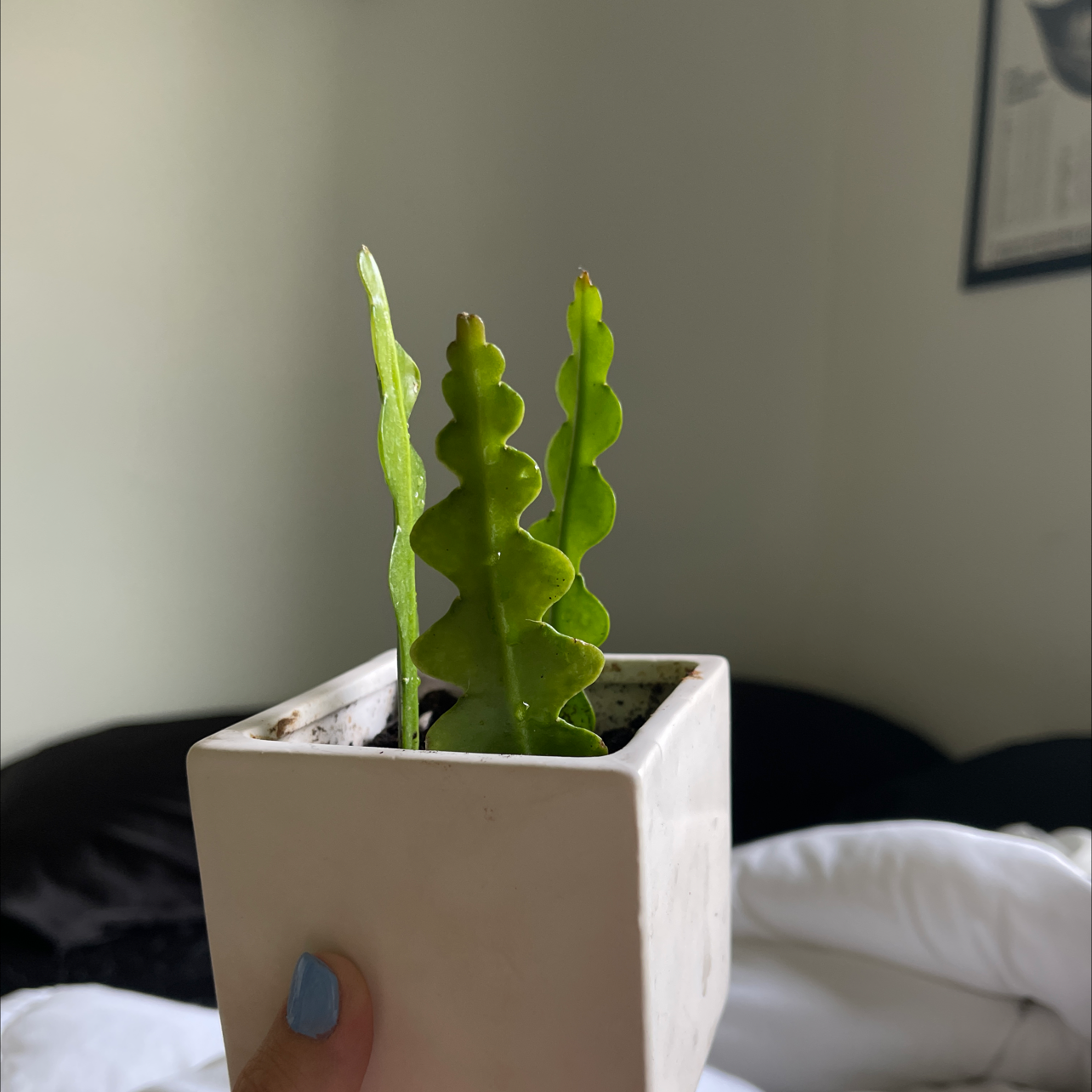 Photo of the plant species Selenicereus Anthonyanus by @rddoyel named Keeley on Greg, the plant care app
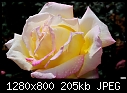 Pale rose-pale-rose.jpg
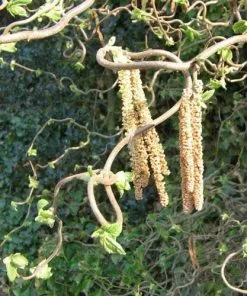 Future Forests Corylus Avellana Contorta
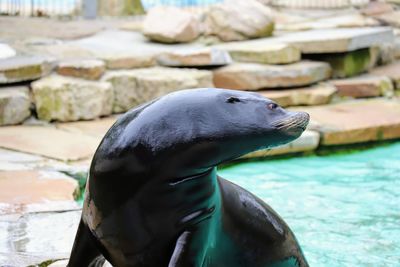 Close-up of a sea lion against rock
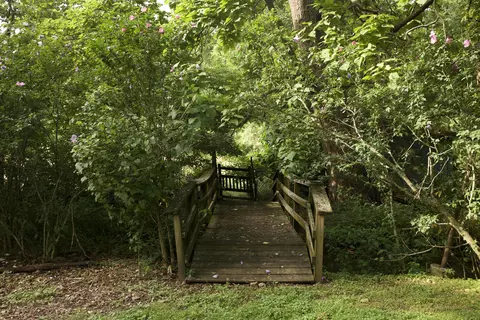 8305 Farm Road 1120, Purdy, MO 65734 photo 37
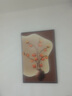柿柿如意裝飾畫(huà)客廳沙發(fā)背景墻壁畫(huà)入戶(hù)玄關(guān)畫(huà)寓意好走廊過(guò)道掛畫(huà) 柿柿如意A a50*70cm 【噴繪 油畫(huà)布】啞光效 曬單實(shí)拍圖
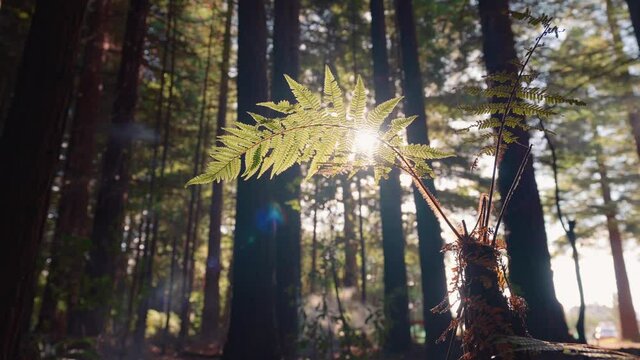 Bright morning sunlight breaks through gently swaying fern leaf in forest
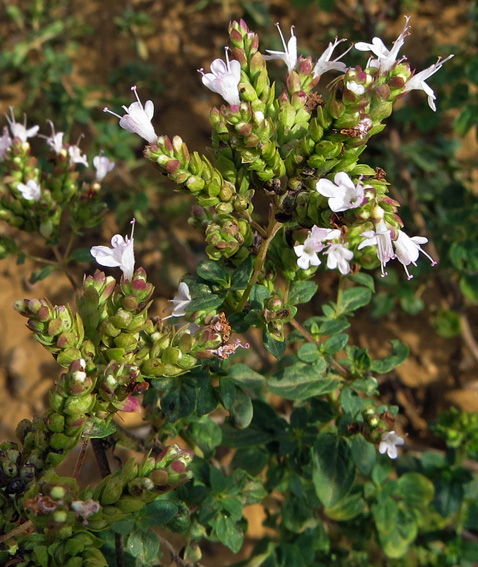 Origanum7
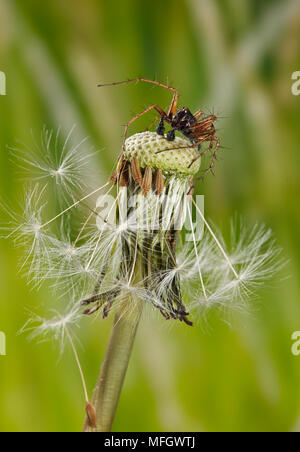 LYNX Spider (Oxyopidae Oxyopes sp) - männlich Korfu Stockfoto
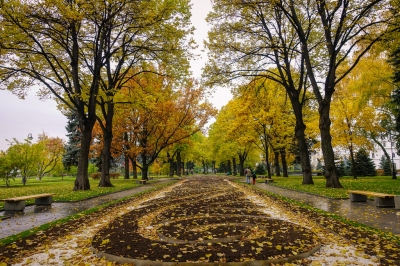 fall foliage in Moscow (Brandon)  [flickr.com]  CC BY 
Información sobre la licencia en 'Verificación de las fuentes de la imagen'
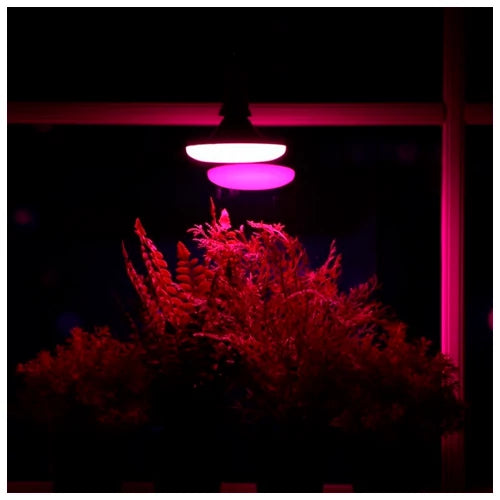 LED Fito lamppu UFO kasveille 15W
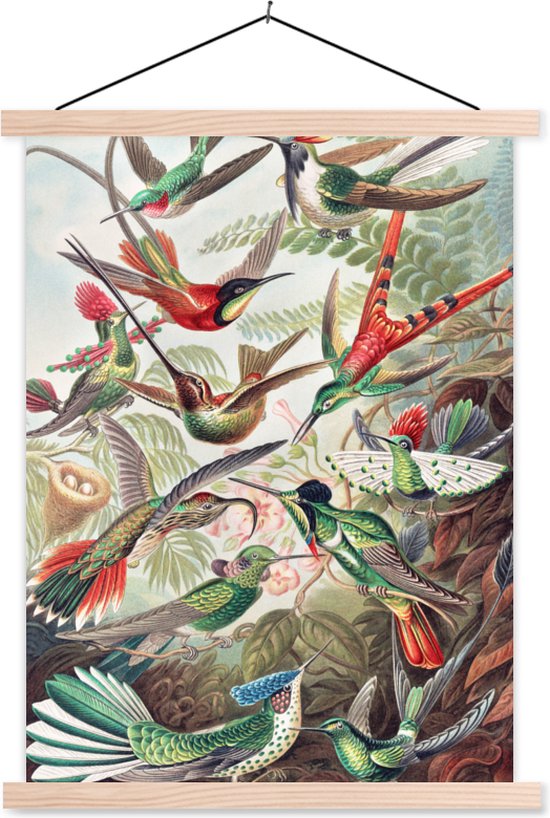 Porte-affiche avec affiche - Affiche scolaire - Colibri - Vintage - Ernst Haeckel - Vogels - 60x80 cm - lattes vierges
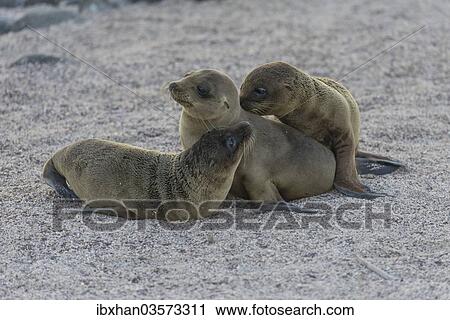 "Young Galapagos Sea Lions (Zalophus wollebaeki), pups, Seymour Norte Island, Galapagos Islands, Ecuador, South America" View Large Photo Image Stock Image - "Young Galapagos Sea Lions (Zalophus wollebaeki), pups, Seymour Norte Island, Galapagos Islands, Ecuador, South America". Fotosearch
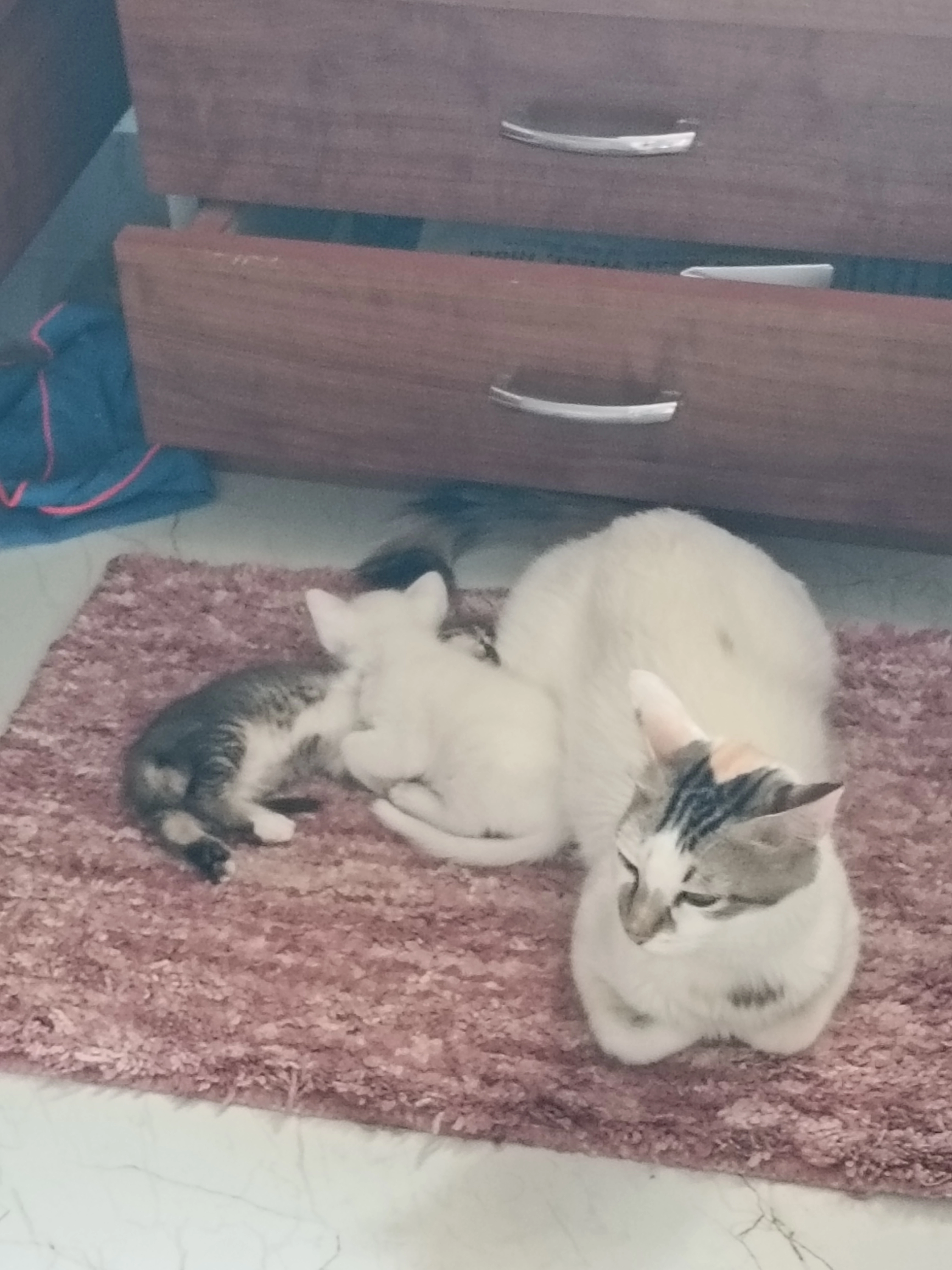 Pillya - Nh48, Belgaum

* * *

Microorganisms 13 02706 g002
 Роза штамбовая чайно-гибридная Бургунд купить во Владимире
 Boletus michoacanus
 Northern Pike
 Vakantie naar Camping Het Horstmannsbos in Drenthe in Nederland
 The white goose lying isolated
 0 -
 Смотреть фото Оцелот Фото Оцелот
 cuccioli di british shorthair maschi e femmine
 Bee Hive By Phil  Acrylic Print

_Task instructions_
Please return the lines above that run from the line containing "Vakantie naar Camping" to the line containing "Bee Hive By", inclusive, exactly and with no other lines.

_Expected answer_
 Vakantie naar Camping Het Horstmannsbos in Drenthe in Nederland
 The white goose lying isolated
 0 -
 Смотреть фото Оцелот Фото Оцелот
 cuccioli di british shorthair maschi e femmine
 Bee Hive By Phil  Acrylic Print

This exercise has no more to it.